While there were only nine U.S. fatalities in March — the lowest since the invasion in March 2003 — Friday's attack punctuated a recent rise in violence throughout the nation, including a string of bombings in Baghdad over the past five days. Of the 31 U.S. troops killed in combat in the Iraq war this year, 11 have been in Mosul, an impoverished city where efforts to obliterate al-Qaida and other Sunni militants have failed over the years.

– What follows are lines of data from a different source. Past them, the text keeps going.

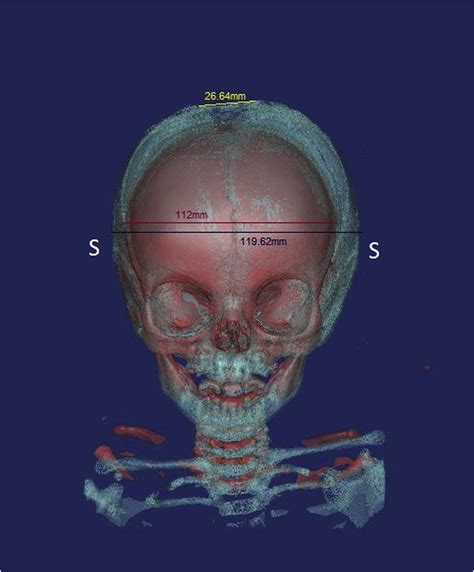 Analysis Of The Cephalometric Changes In The First Months After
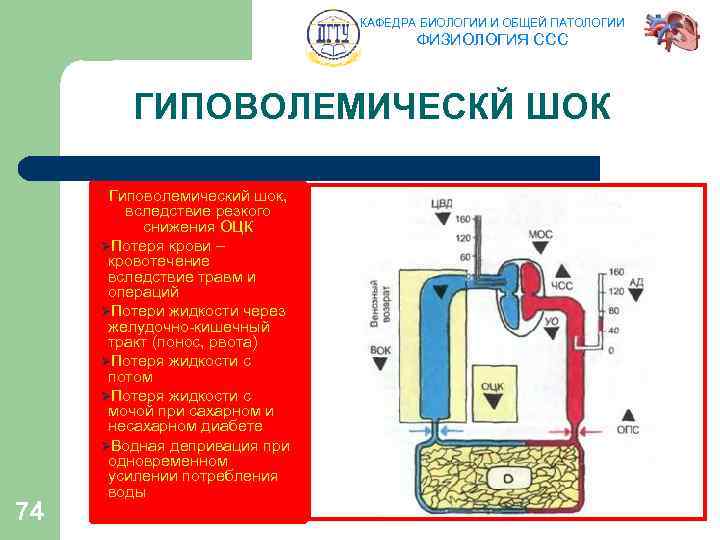 КАФЕДРА БИОЛОГИИ И ОБЩЕЙ ПАТОЛОГИИ ФИЗИОЛОГИЯ ССС ГИПОВОЛЕМИЧЕСКЙ ШОК 74 Гиповолемический шок, вследствие резкого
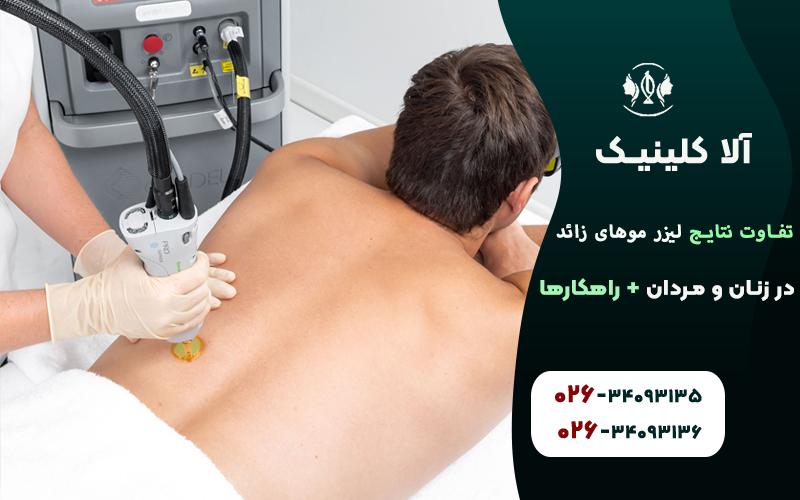 تاثیر جلسات لیزر روی موی زائد زنان و مردان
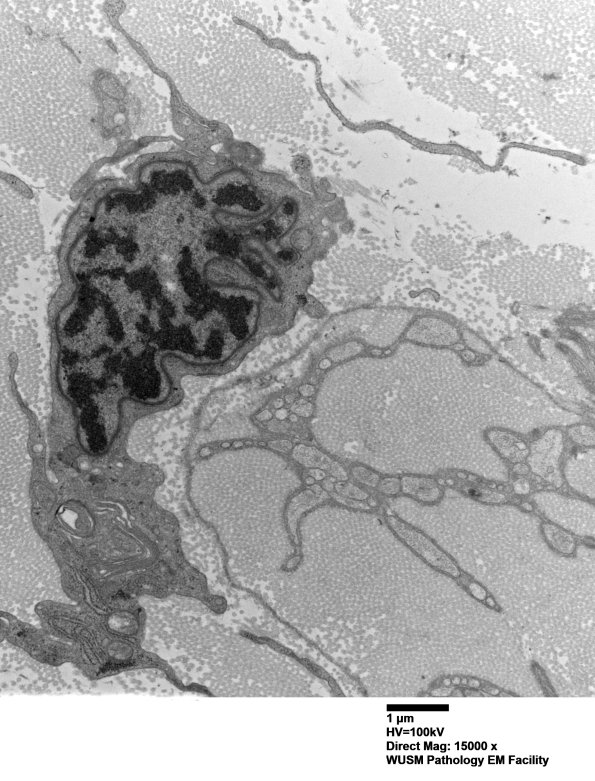 7A4B Chronic Degeneration (Case 33) Sural_049 - Copy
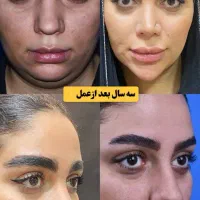 آف زیبایی لیپو ابدو عمل بینی ۱۹ میلیون|خدمات آرایشگری و زیبایی|خرمشهر, |دیوار
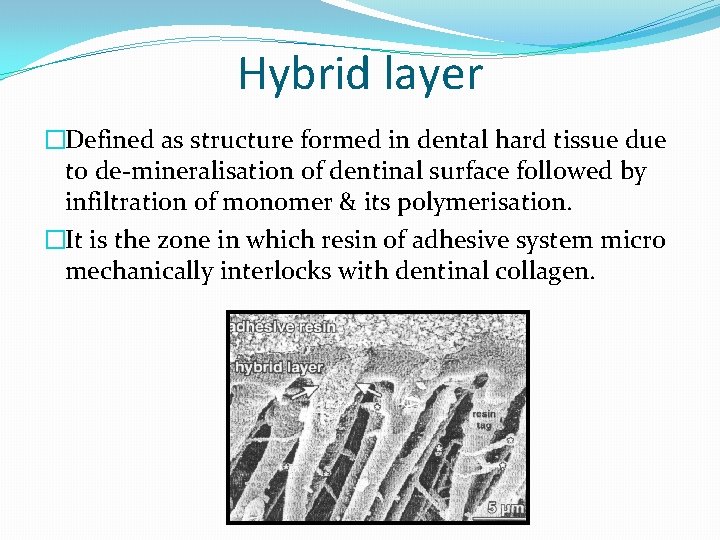 Hybrid layer �Defined as structure formed in dental hard tissue due to de-mineralisation of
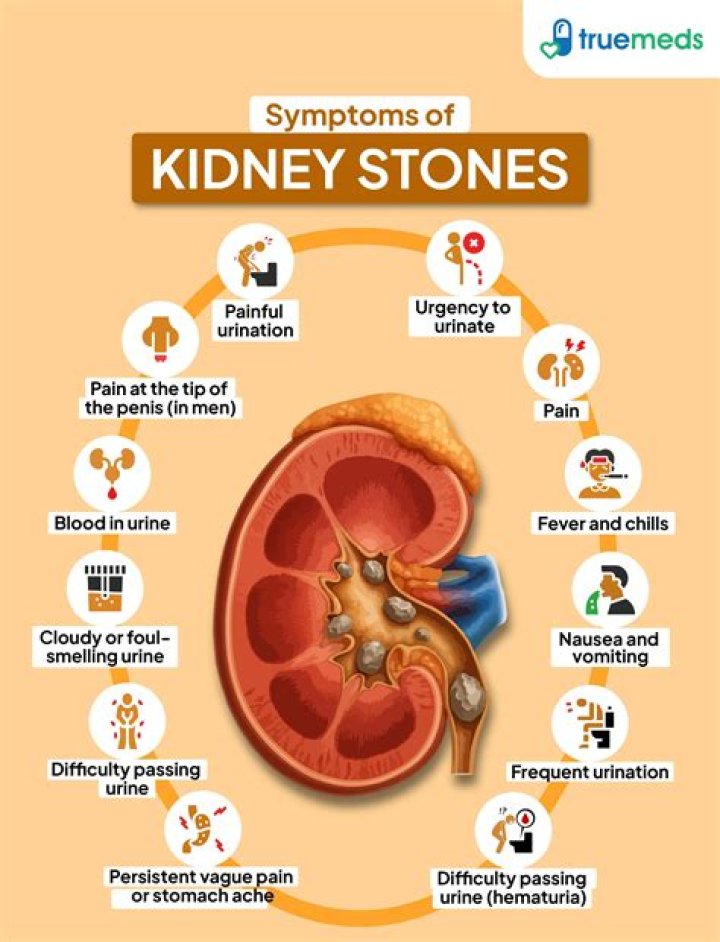 What are the symptoms of a kidney stones?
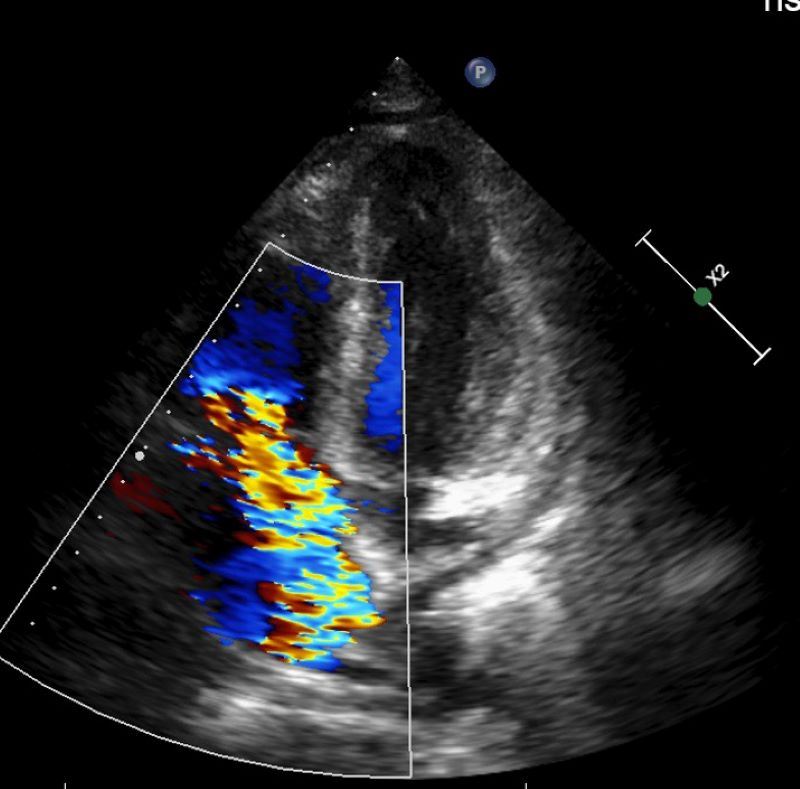 影像檢查發現三尖瓣逆流。（圖／台北慈濟醫院提供）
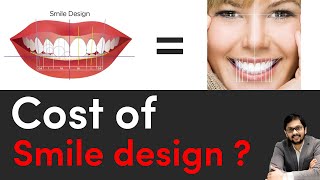 Cost of smile design   Dr Ankit khasgiwala  Seraphic dental clinic Indore [upl. by Guillaume546]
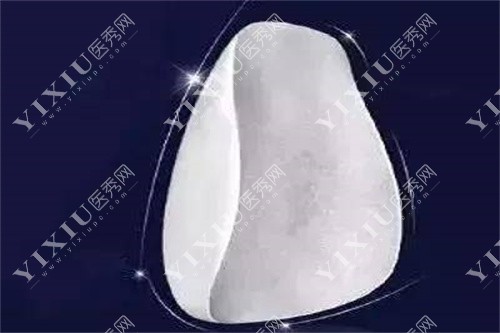 牙贴面卡通图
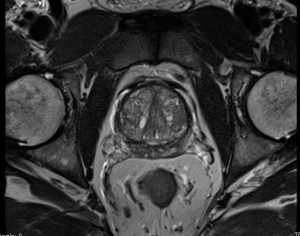 An MRI of a part of the spine.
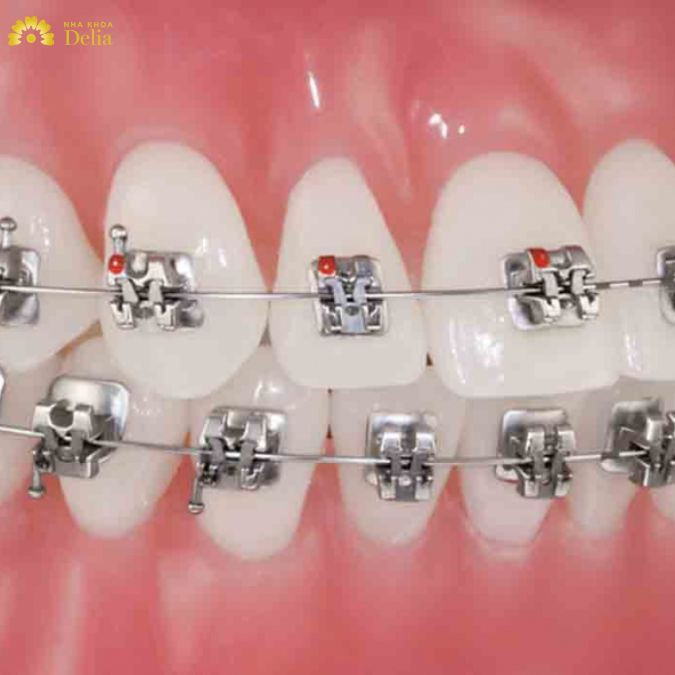 thời gian niềng răng mắc cài kim loại dao động từ 1 đến 3 năm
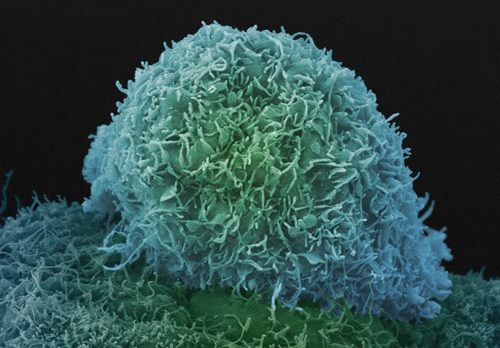 Black men have double the risk of dying of prostate cancer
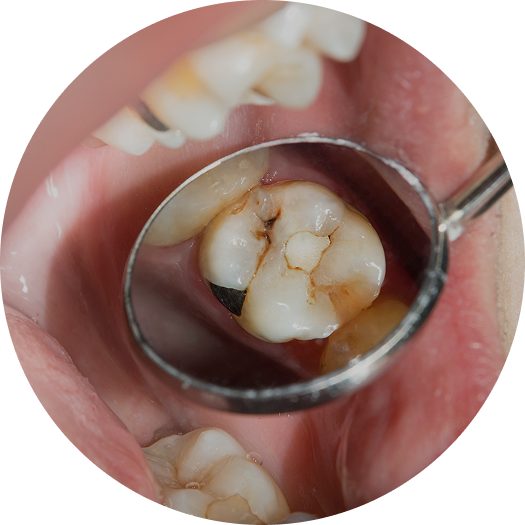 Imagem de um dente sendo olhado pelo espelho intraoral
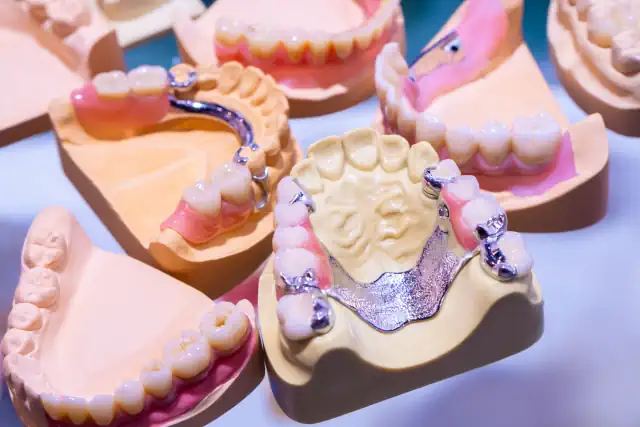 Teilprothese: Arten, Kosten, Halt & moderne Alternativen mit Implantaten im Überblick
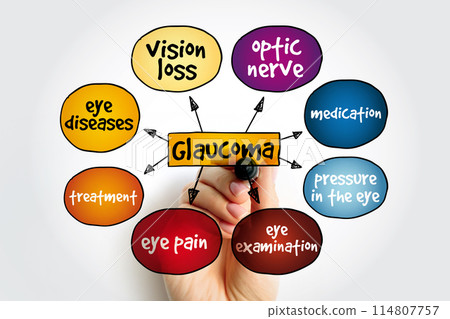 Glaucoma is a group of eye diseases that result in damage to the optic nerve (or retina) and cause vision loss, mind map medical concept background 114807757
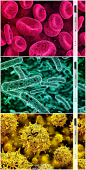 给力创意广告超细圆珠笔的创意广告，显微镜下的美丽，在细菌上涂鸦！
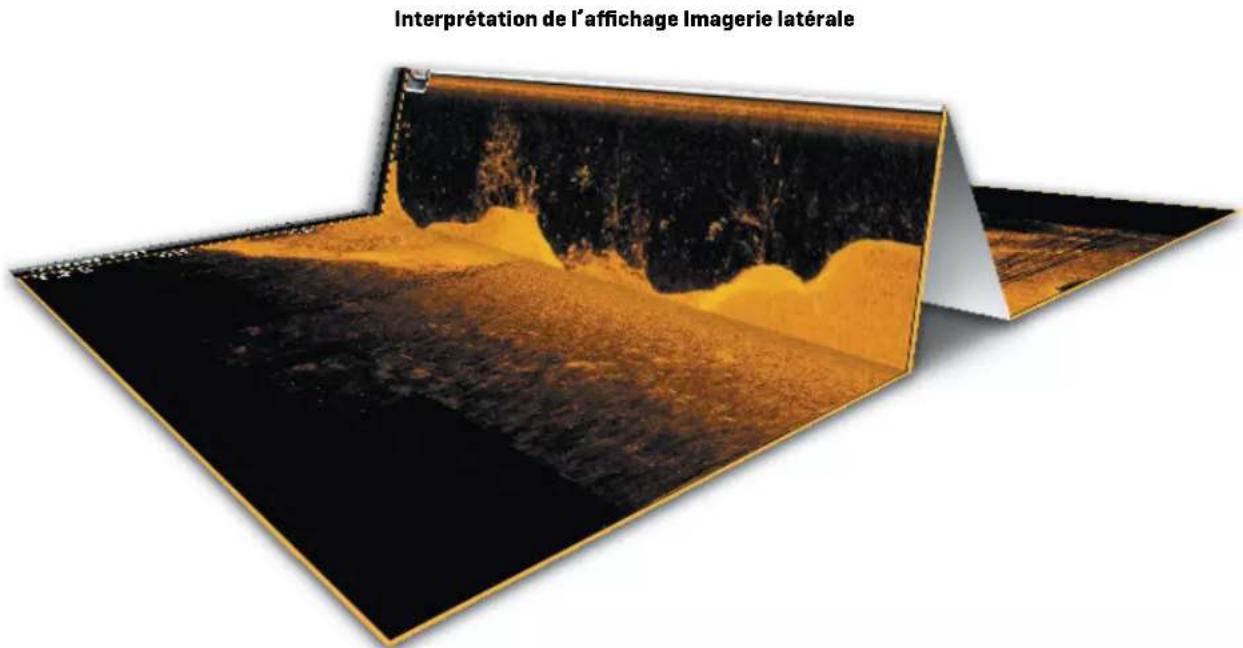 Interprétation de l'affichage Imagerie latérale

At least 70 people, many of them residents of the area, were wounded in Friday's attack, and a number of houses and businesses were severely damaged, according to Iraqi security and hospital officials.
The truck was packed with about 2,000 pounds of explosives, the Interior Ministry's spokesman, Maj. Gen. Abdul Karim Khalaf, told state television. The impact shook buildings miles away, Mosul residents said, and a large plume of black smoke rose from the scene.
Driving a dump truck, the bomber appeared to have passed a number of checkpoints before finally blasting through a final checkpoint guarding a military road that leads to one of the main entrances to the base, said Maj. Derrick Cheng, a U.S. military spokesman in northern Iraq.
At that moment, however, a U.S. military convoy happened to be leaving the base for a mission inside Mosul, Cheng said. The dump truck immediately came under fire from Iraqi police at the checkpoint and in guard towers around the base, as well as U.S. soldiers in the convoy, but the bomber could not be prevented from detonating his payload along the road, about 50 yards from the base entrance, Iraqi police said.
The road leads to the Mosul headquarters of the nearly 3,000 members of the paramilitary Iraqi national police, who were sent last fall by Prime Minister Nouri al-Maliki to help subdue the violent city, advised and backed by the U.S. military.
The blast, believed to have been carried out by Sunni extremists, is likely to increase pressure on Maliki to ask U.S. combat troops to stay in Mosul after the June 30 deadline for them to pull out of Iraqi cities. America's top commander suggested this week that even as U.S. troops pull out of other cities, he may have to send reinforcements to Mosul and to volatile Diyala province.
Tensions over land and oil recently have been increasing between Sunni Kurds and Sunni Arabs in northern Iraq, especially in Mosul and the oil-rich city of Kirkuk, and between Sunnis and Shiites in Baghdad and elsewhere.
"The people who are behind the violence are the people who are betting on the failure of the political process," said Seleem Abdullah, of the Iraqi Islamic Party, the largest Sunni bloc.